Moody's cuts India growth projection to 5.4% for 2020 from 6.6% projected earlier; cites slower than expected economic recovery

Moody's Investors Service on Monday slashed India's growth forecast to 5.4 percent for 2020 from 6.6 percent projected earlier on slower than expected economic recovery

Press Trust of India February 17, 2020 12:50:58 IST
Moody's cuts India growth projection to 5.4% for 2020 from 6.6% projected earlier; cites slower than expected economic recovery
  • In its update on Global Macro Outlook, Moody's said India's economy has decelerated rapidly over the last two years and expects economic recovery to begin in the current quarter

  • The growth projections are based on calendar year and as per its estimates, India has clocked a GDP growth of 5 percent in 2019

  • On the fiscal front, Moody's said, the Union Budget 2020 did not contain a significant stimulus to address the demand slump

New Delhi: Moody's on Monday slashed India's growth forecast for 2020 to 5.4 percent from 6.6 percent projected earlier, on slower than expected economic recovery.

In its update on Global Macro Outlook, Moody's Investors Service said India's economy has decelerated rapidly over the last 2 years and economic recovery is likely to be 'shallow'.

"While the economy may well begin to recover in the current quarter, we expect any recovery to be slower than we had previously expected. Accordingly, we have revised our growth forecasts to 5.4 percent for 2020 and 5.8 percent for 2021, down from our previous projections of 6.6 percent and 6.7 percent respectively," Moody's said.
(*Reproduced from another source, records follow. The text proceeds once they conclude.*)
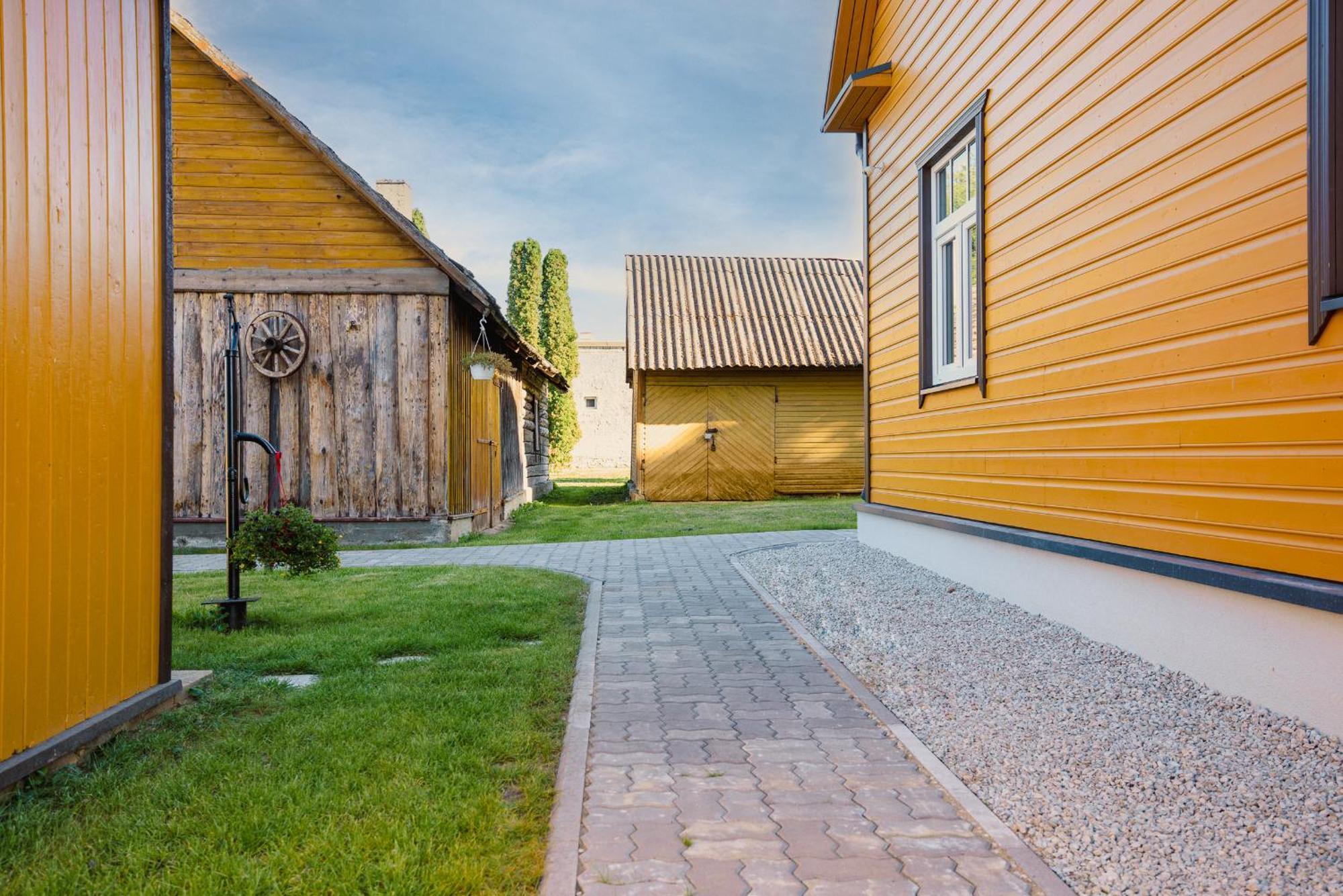 Posti Guesthouse Rakvere Exteriör bild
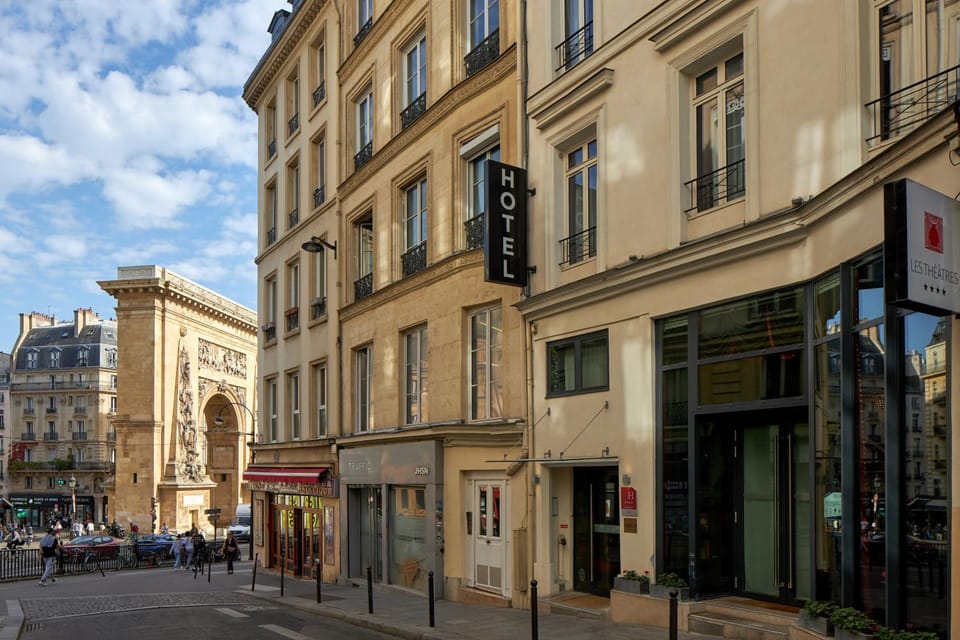 Property building, Facade/entrance, Neighbourhood, Street view, Street view, Location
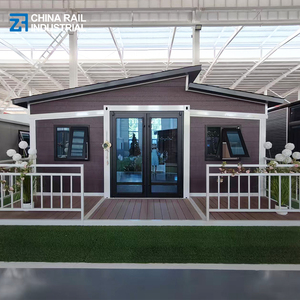 Maisons préfabriquées modernes : petites maisons conteneurs extensibles de 30 pieds, alimentées à l'énergie solaire - Product Image 1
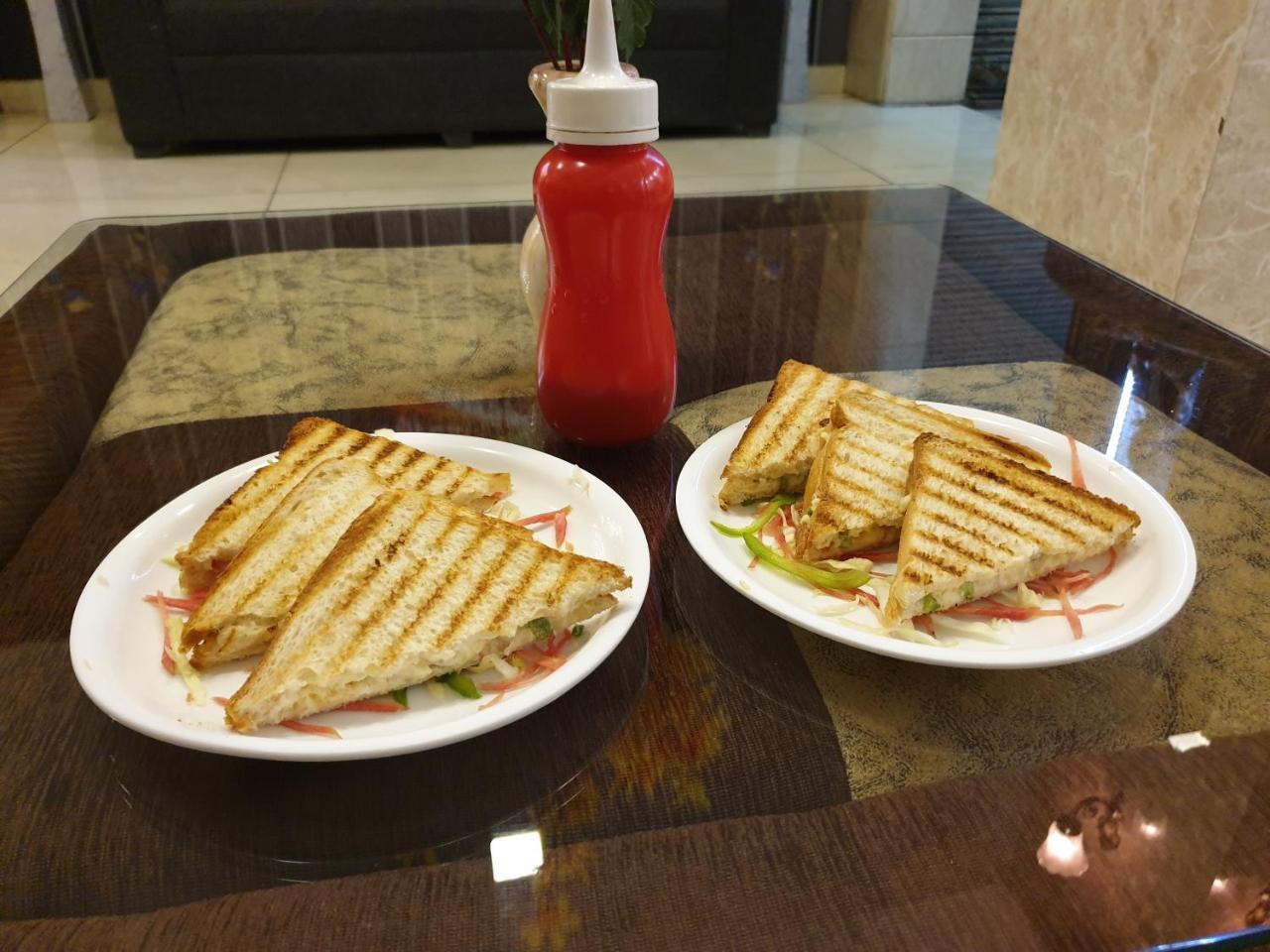 Pinaz Royale Hotel Amritsar Eksteriør billede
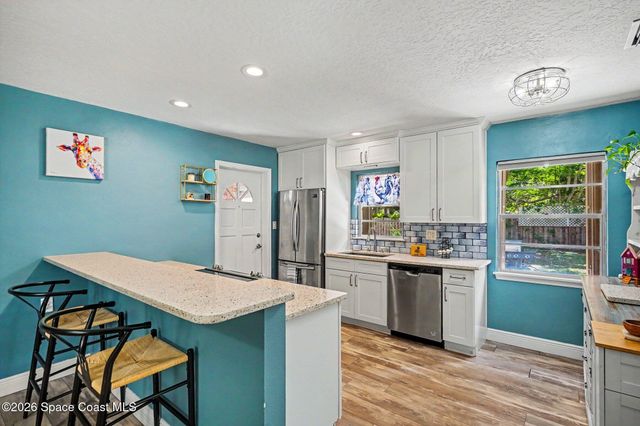 122 East Court, Melbourne, FL 32904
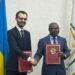 Zdjęcie z ceremonii podpisania umowy kredytowej, w której uczestniczył Jarosław Trwoga, menedżer ds. finansowania handlu w BGK oraz dr. Uzziel Ndagijimana, minister finansów i planowania ekonomicznego Rwandy. (Kigali, 26.10.2023 r.), aut. BGK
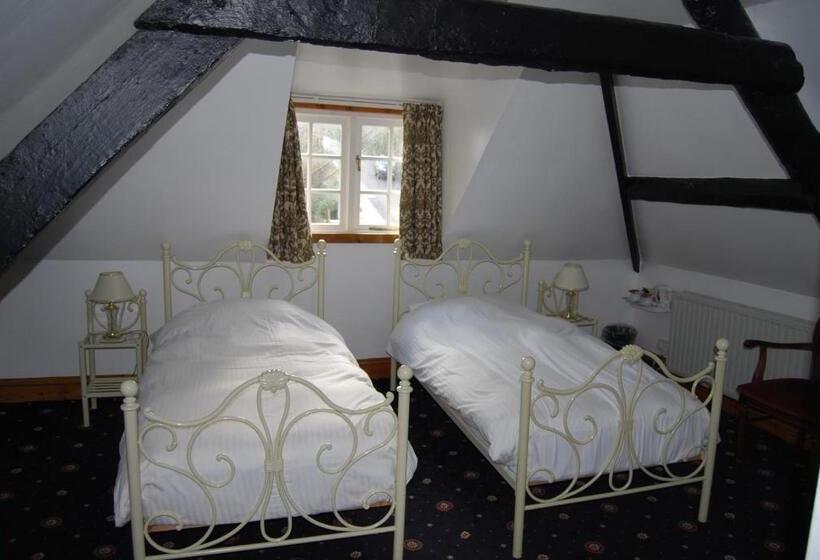 غرفة قياسية, The Wellington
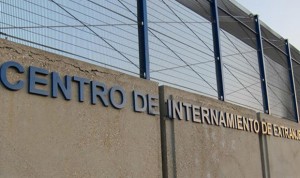 A juicio un médico y la enfermera de un CIE por la muerte de una inmigrante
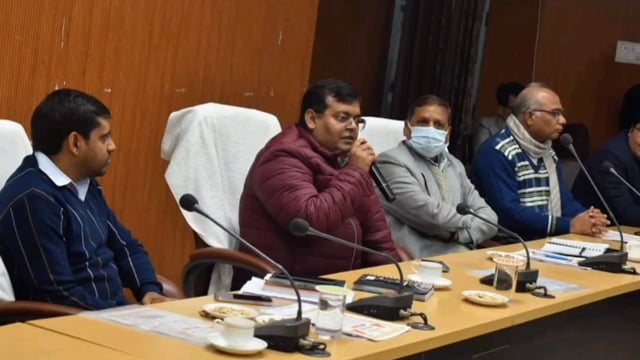 DM संजीव रंजन की अध्यक्षता में बेटी बचाओ, बेटी पढ़ाओ हस्ताक्षर अभियान कलेक्ट्रेट सभागार में सम्पन्न हुआ।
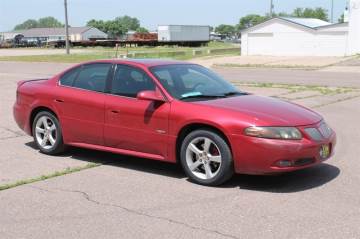 2005 PONTIAC BONNEVILLE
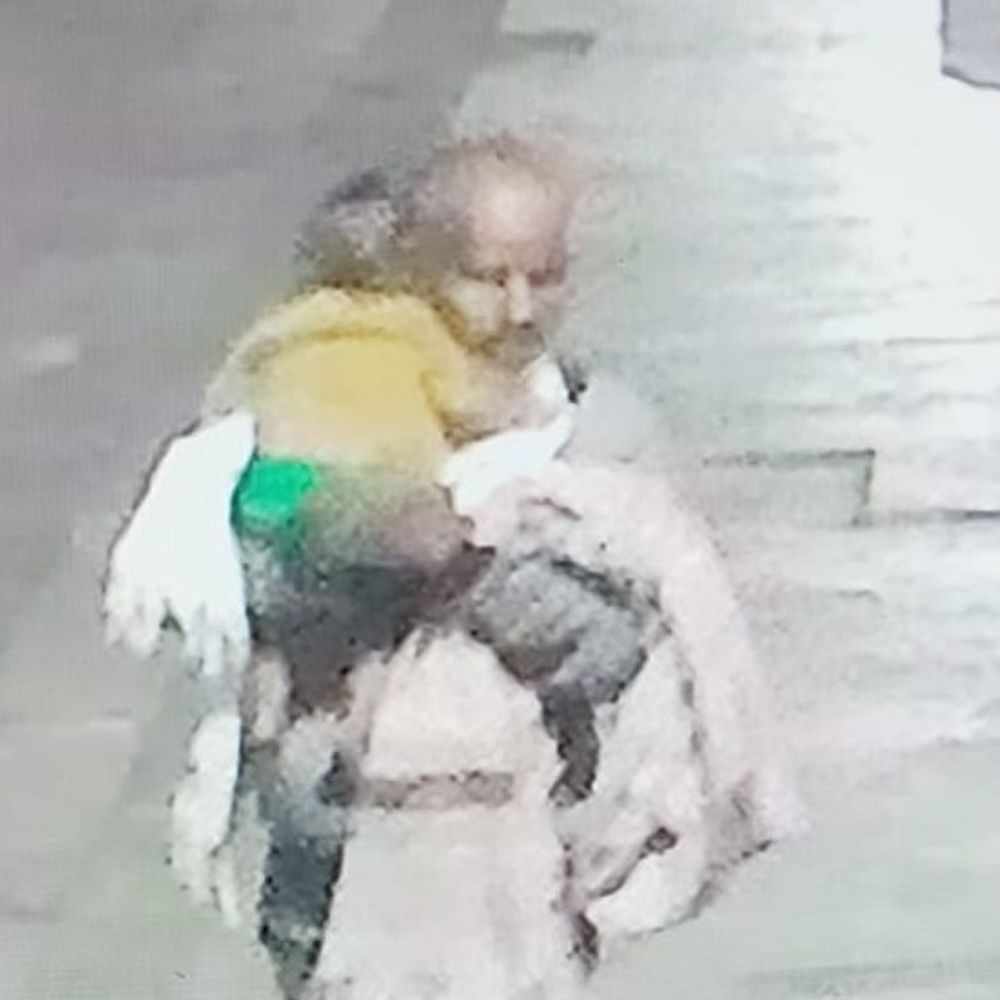 2 साल की बच्ची 4 घंटे में बरामद:कानपुर से ट्रेन में ले जाई गई, टूंडला में जीआरपी-आरपीएफ ने बचाया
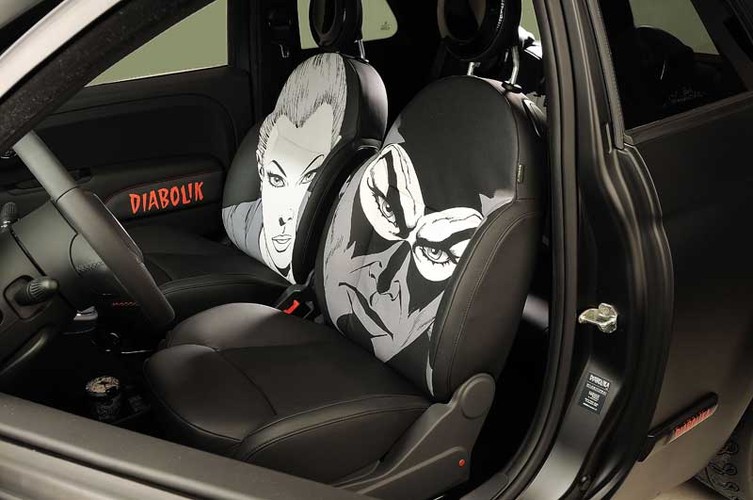 Kabina? Jakby oklejona kartkami z komiksu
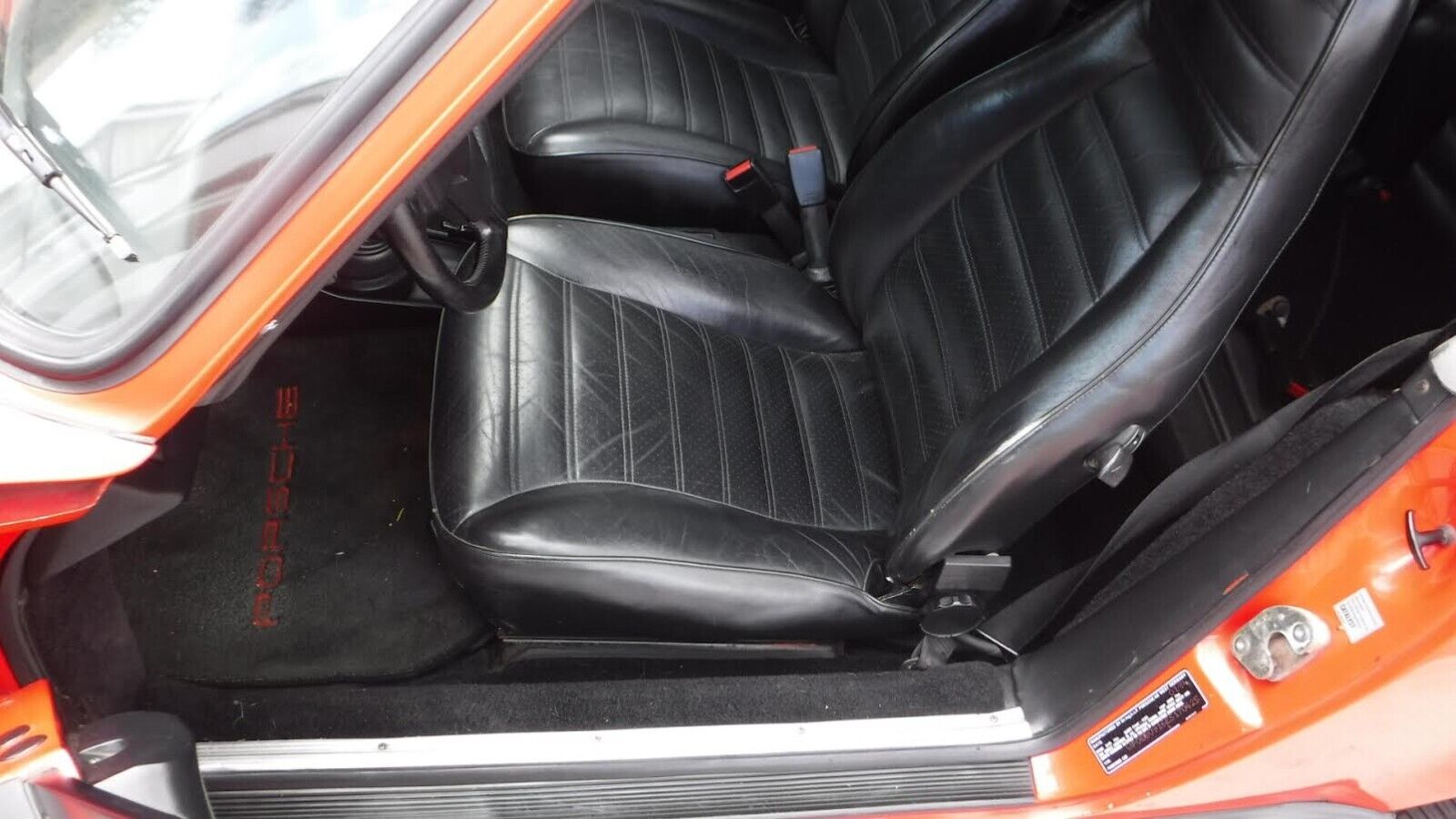 Porsche-911-1984-Convertible-31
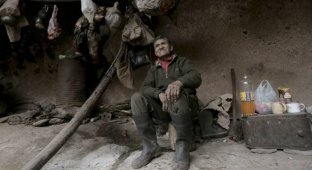 Педро Лука — 79-летний пещерный человек 21-го века из Аргентины (4 фото)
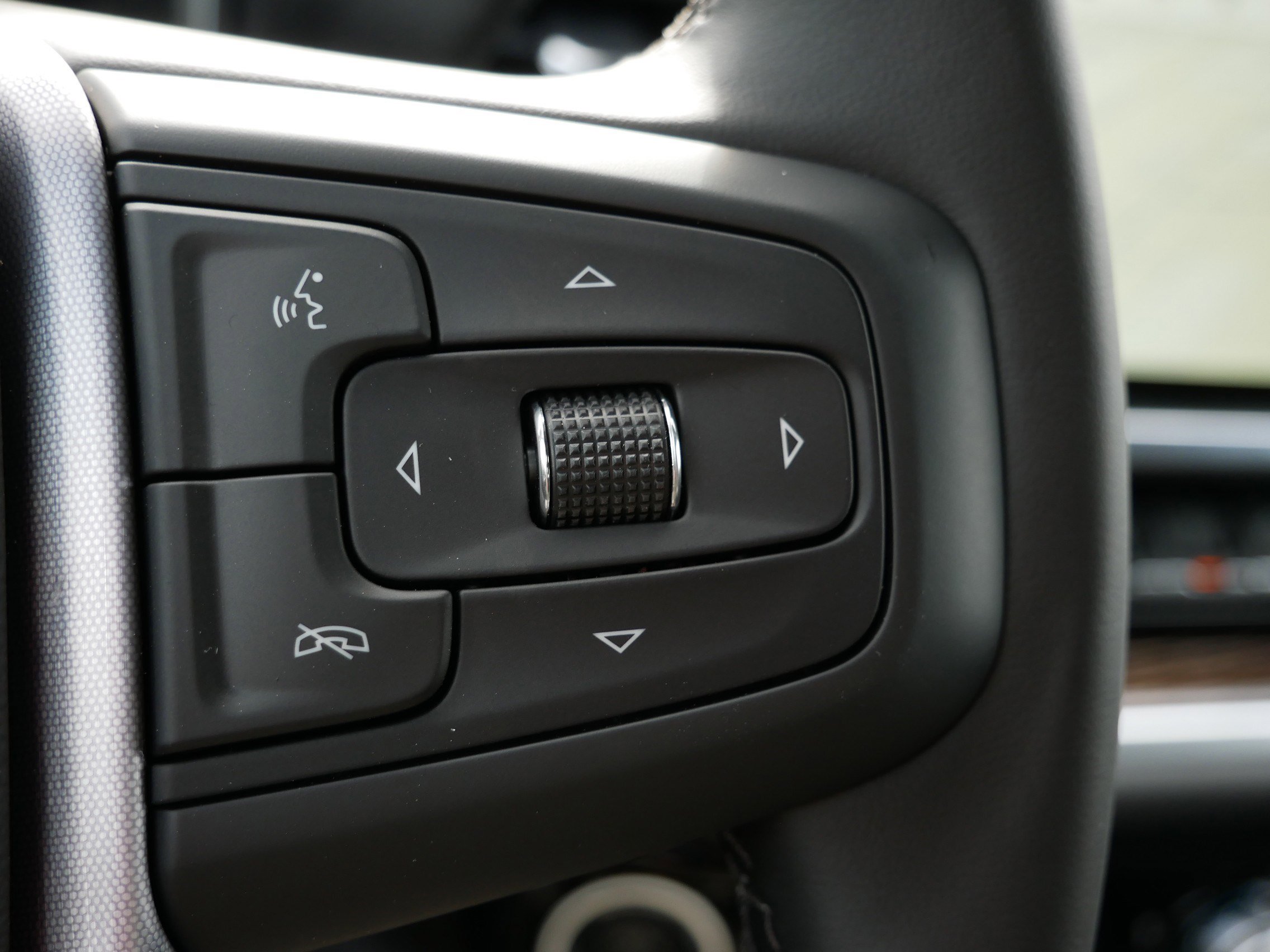 New 2026 GMC Sierra 1500 SLE w/ X31 Off-Road Package image 23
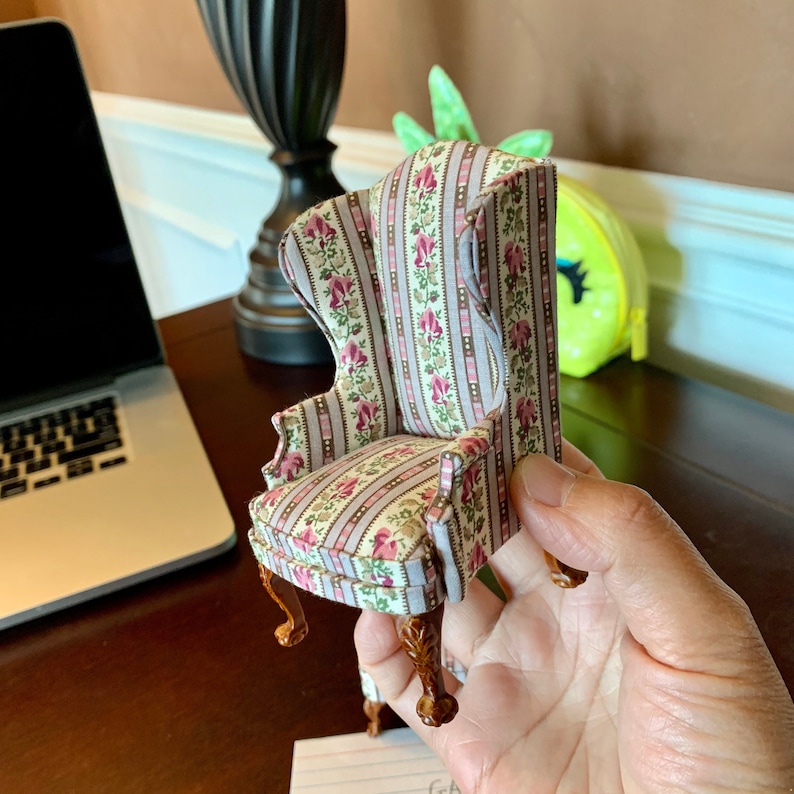 Scale1:12 Dollhouse Miniature Furniture Floral Pattern Cloth Wing Chair and Ottoman Set 2 pcs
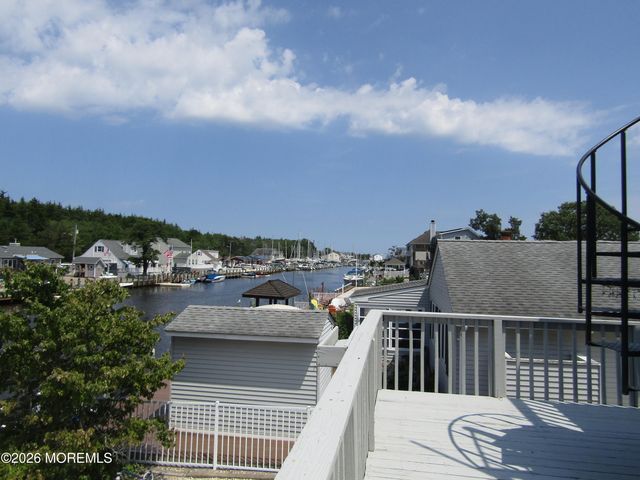 63 Cedar Run Road, Bayville, NJ 08721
Moody's growth projections are based on calendar year and as per its estimates, India's GDP grew 5 percent in 2019.

The rating agency had in November 2019 projected economic growth in 2020 and 2021 at 6.6 percent and 6.7 percent respectively. In its latest update, Moody's said the reduction in India's growth rate reflects domestic challenges rather than external factors.

Moodys cuts India growth projection to 54 for 2020 from 66 projected earlier cites slower than expected economic recovery

Representational image. Reuters.

Stating that the key to stronger economic momentum would be the revival of domestic demand and bank credit growth, Moody's said the Union Budget 2020 did not contain a significant stimulus to address the demand slump.

With a weak economy and depressed credit growth reinforcing each other, Moody's said "it is difficult to envision a quick turnaround of either, even if economic deceleration may have troughed".

"As similar policies in other countries have shown, tax cuts are unlikely to translate into higher consumer and business spending when risk aversion is high," Moody's said.

The rating agency said it expects additional easing by the Reserve Bank. However, if the recent rise in CPI inflation, mainly as a result of higher food prices, is seen to have second-round effects, this would make it more challenging for the central bank to cut interest rates further, it added.

The RBI has lowered the repo rate by a cumulative 135 bps in 2019.

Inflation as measured by the Consumer Price Index (CPI) rose to a 68-month-high of 7.59 percent in January. RBI's mandated target range for retail inflation is 2-6 percent and the central bank aims to keep it at 4 percent over the medium term.

Moody's said that resumption of credit growth is equally important as reviving demand, and banks have been reluctant to lend or lower lending rates despite successive rate cuts by the RBI,

"...credit impulse in the economy has deteriorated throughout the last year as a result of the drying up of lending from non-bank financial institutions as well as from banks," Moody's said.

It said the deterioration in credit growth to the commercial sector is particularly 'stark'.

Nominal credit to industry grew at only 1.6 percent year-on-year in December 2019, while credit to the services sector registered 6.2 percent nominal growth, and credit to agriculture and related activities grew 5.3 percent, it added.

With regard to global growth, Moody's said coronavirus outbreak has diminished optimism about prospects of an incipient stabilization of global growth this year.

Global GDP growth forecast has been revised down, and Moody's now expects G-20 economies to collectively grow 2.4 percent in 2020, a softer rate than last year, followed by a pick up to 2.8 percent  in 2021.

"We have reduced our growth forecast for China to 5.2 percent in 2020 and maintain our expectation of 5.7 percent growth in 2021," it added.

Moody's expects that the spread of coronavirus will be contained by the end of March, and normal economic activity would resume in April-June quarter.

"At present, China's economy is by far the worst affected. However, the rest of the world also has exposure as a result of a hit to global tourism in the first half of this year and short-term disruptions to supply chains," it said.

"The effects on the global economy could compound if the rate of infection does not abate and the death toll continues to rise, because supply chain disruptions in manufacturing would become more acute the longer it takes to restore normalcy," Moody's added.

The death toll from China's coronavirus epidemic rose to over 1,660, with over 68,500 confirmed cases.

The coronavirus outbreak originated in central China's Hubei province in December last year and has spread to several countries.

Many countries have banned arrivals from China, while major airlines have suspended flights to the country.